Converting waste plastics directly into valuable aromatic chemicals is a promising, cost-effective recycling strategy. Traditional zeolite-catalyzed cracking of polyolefins to produce aromatics often needs high temperatures and faces issues like low selectivity for liquid aromatics, separation difficulties, and rapid catalyst deactivation due to coking. To address this, a multifunctional Ni/HZSM-5 catalyst was developed to efficiently upgrade various polyolefins—including polyvinyl chloride—into gaseous alkanes (C₁–C₅) and easily separable liquid aromatics (C₆–C₁₂) at 400 °C, without added solvents or hydrogen.
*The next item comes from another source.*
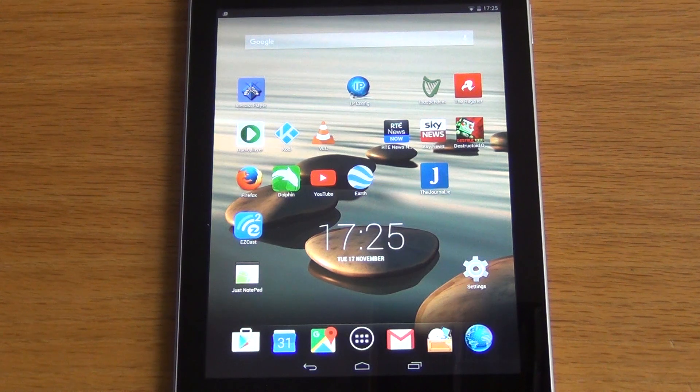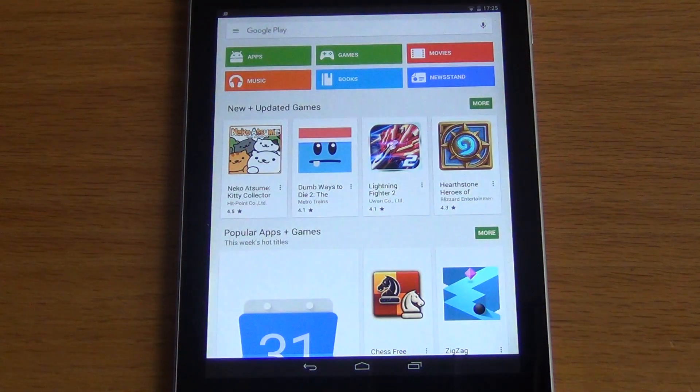In this video we're going to demonstrate how to download and install the iWatch DVR2 app onto your Android device. First of all, we activate the Google Play Store by clicking on the icon, then click into the search bar.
Aromatic products make up 57.1 wt% of total output, with more than 97.8 % selectivity for the liquid phase and a BTX (benzene, toluene, and xylene) selectivity of 76.1 %. The high activity and selectivity for aromatics stem from synergistic interactions between Ni nanoparticles (NPs) and acid sites in the zeolite, which promote selective C–C bond breaking and control hydrogenolysis and aromatization pathways. This synergy allows precise control over the distribution of products by carbon number and favors the formation of separable aromatics. Notably, the catalyst also prevents coking by hydrogenolyzing and hydrogenating reactive intermediates before they form stable graphite-like deposits. Consequently, Ni/ZSM-5 catalyst demonstrates excellent stability, maintaining consistent aromatics yield over 13 consecutive cycles and processing over 30 times its weight in plastics without regeneration. After regeneration, the activity of the catalyst was fully restored, highlighting its potential for industrial use. This work offers valuable insights for designing durable, high-activity catalysts, providing a practical route to improve plastic recycling technologies.